» **WORK ORDER**: All of the data below should be set down again verbatim, without any images.

[[ GIVEN ENTRIES open ]]

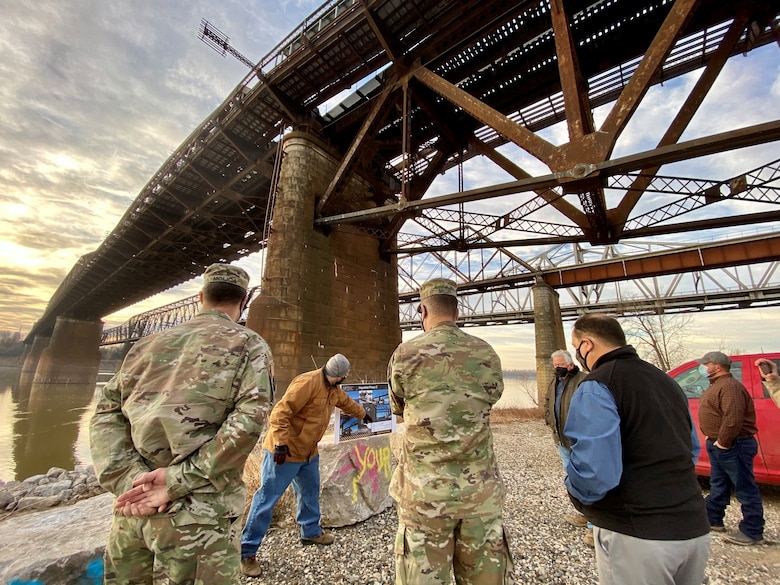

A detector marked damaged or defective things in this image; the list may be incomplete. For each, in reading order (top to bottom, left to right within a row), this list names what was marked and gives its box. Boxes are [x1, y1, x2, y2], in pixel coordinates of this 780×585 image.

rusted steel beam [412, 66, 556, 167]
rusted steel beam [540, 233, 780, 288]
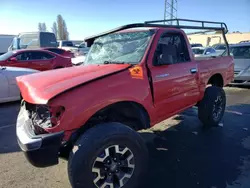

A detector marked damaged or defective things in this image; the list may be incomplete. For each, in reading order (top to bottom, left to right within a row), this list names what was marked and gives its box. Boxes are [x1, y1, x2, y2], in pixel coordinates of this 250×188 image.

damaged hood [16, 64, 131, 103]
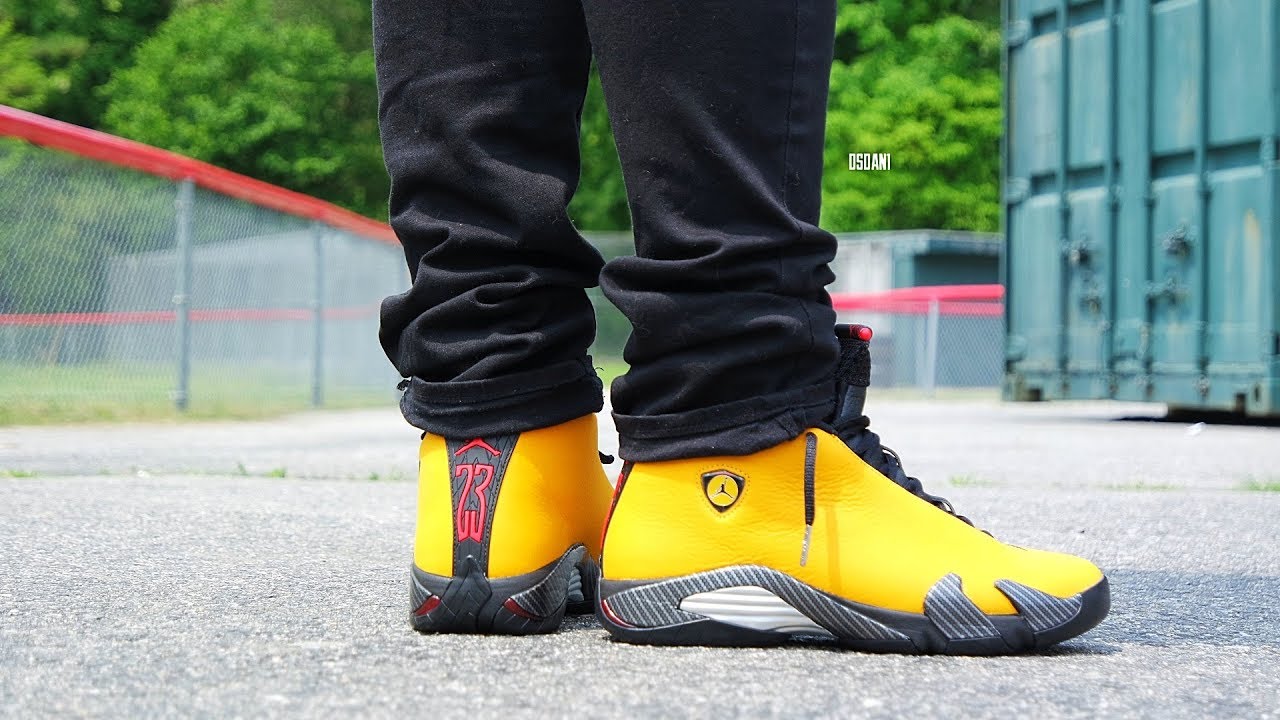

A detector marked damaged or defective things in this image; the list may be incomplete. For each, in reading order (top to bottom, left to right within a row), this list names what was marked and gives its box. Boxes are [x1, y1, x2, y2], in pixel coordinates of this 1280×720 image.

[[ GIVEN ENTRIES closed ]]

» **SOLUTION BELOW**:
A detector marked damaged or defective things in this image; the list may be incomplete. For each, in reading order (top to bottom, left to right within a row), this list names what was marked and gives its box. Boxes are [x1, y1, x2, y2], in pixel coordinates of this 780×585 image.

rusted steel beam [412, 66, 556, 167]
rusted steel beam [540, 233, 780, 288]

A detector marked damaged or defective things in this image; the list may be incomplete. For each, in reading order (top to bottom, left to right within a row), this list names what was marked and gives its box. Boxes are [x1, y1, x2, y2], in pixel coordinates of this 250×188 image.

damaged hood [16, 64, 131, 103]

A detector marked damaged or defective things in this image; the list may be incomplete. For each, in reading order (top to bottom, left to right within a row), this list names what was marked and gives its box. Boxes are [x1, y1, x2, y2], in pixel coordinates of this 1280×720 image.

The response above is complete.